In comparing the two models I found that the weights and heights of the models are similar. Product reliability ratings are also similar. The Kitchen Aid gains points for appearing to be easier to clean and being slightly more attractive on my counter than the Cuisinart. The downside of the KitchenAid food processor was that the slicing blade that comes with the unit is a 2mm blade that slices food very thin. I concluded that the slices are too thin to use in my stir frys or pie baking without rendering the fruit or vegetable into a mush like state. The Cuisinart comes with a more functional 4mm blade that better meets my needs(It is important to note that you cannot buy other size blades or attachments for the 7 Cup KitchenAid model).I like it that I had the flexibility of purchasing other attachments in the future to perform other functions with the Cuisinart model.
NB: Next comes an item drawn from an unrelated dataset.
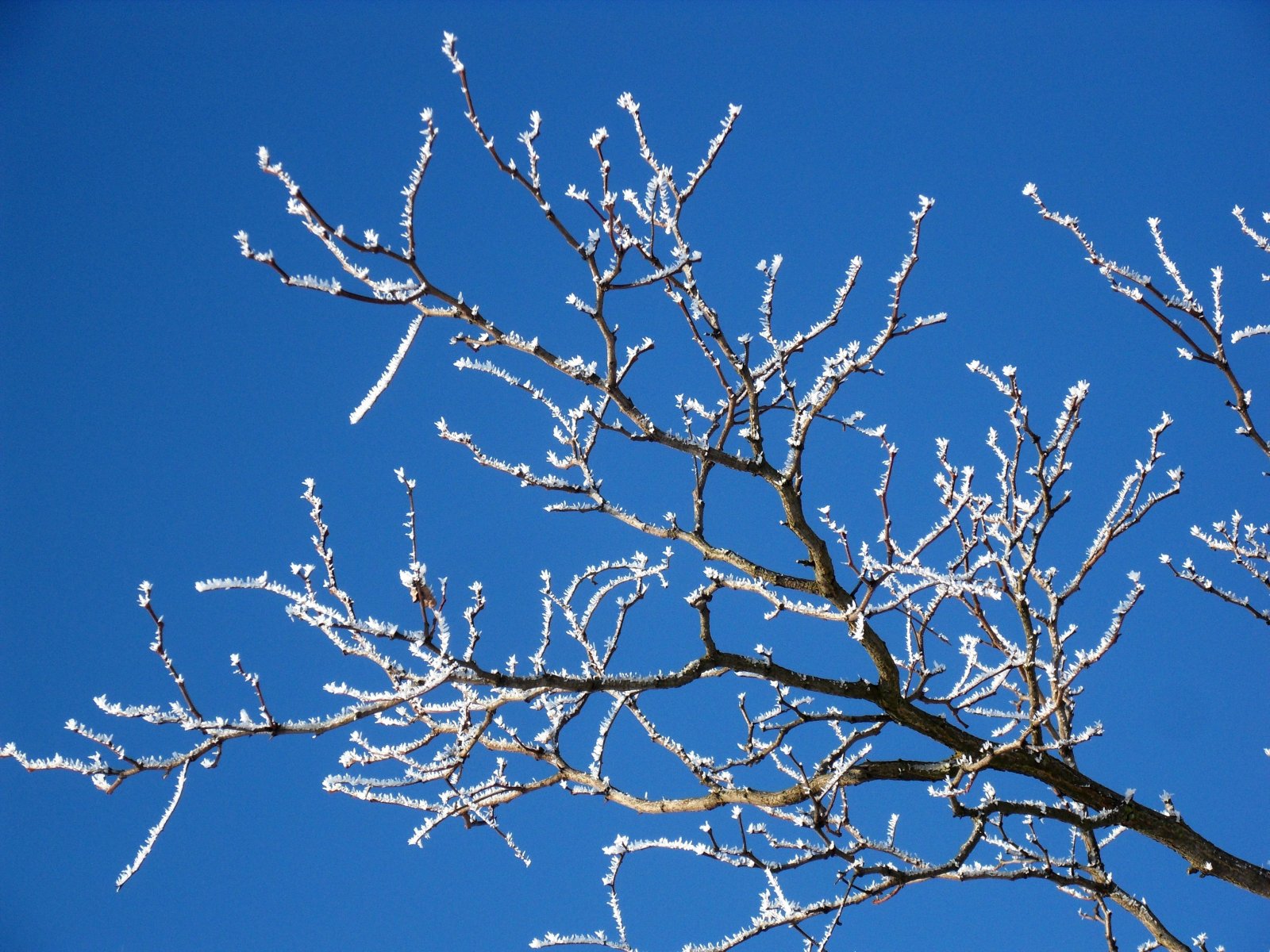 Fonds d'cran Nature Saisons - Hiver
I purchased this particular model of the Cuisinart because unlike the newer model it came with an extra easy to clean lid, which you can utilize when using the main blade of the machine. This simiplar lid cuts your clean up time in half over using the more complex pusher lid, which is not easy to clean. (As a side note-always spray the blades with cooking spray before using the slicing and shredding discs to save on clean up time).
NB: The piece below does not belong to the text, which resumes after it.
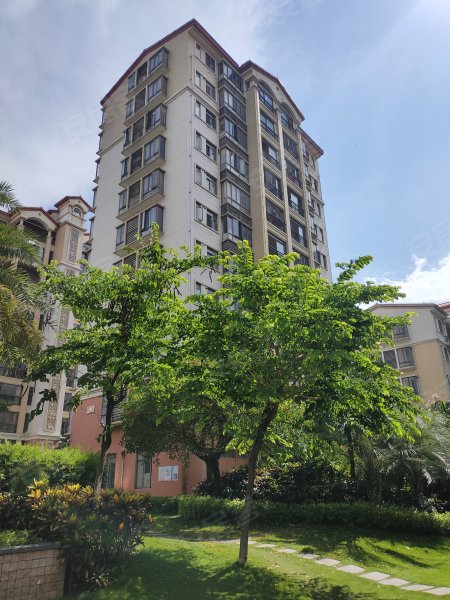 大洋红树湾一期,长贵西街-汕头大洋红树湾一期二手房,租房,房价-汕头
I also found that you have more control with the slicing function in the Cuisinart model, due to the pusher assembly in the lid, than you do with the less complex mechanism in the Kitchen Aid model. After trying both models at home I also found that the mixing action was superior in the Cuisinart and that food had less chance of becoming lodged under the blade. So, I have kept the Cuisinart model and could not be happier with my recent Christmas gift to myself!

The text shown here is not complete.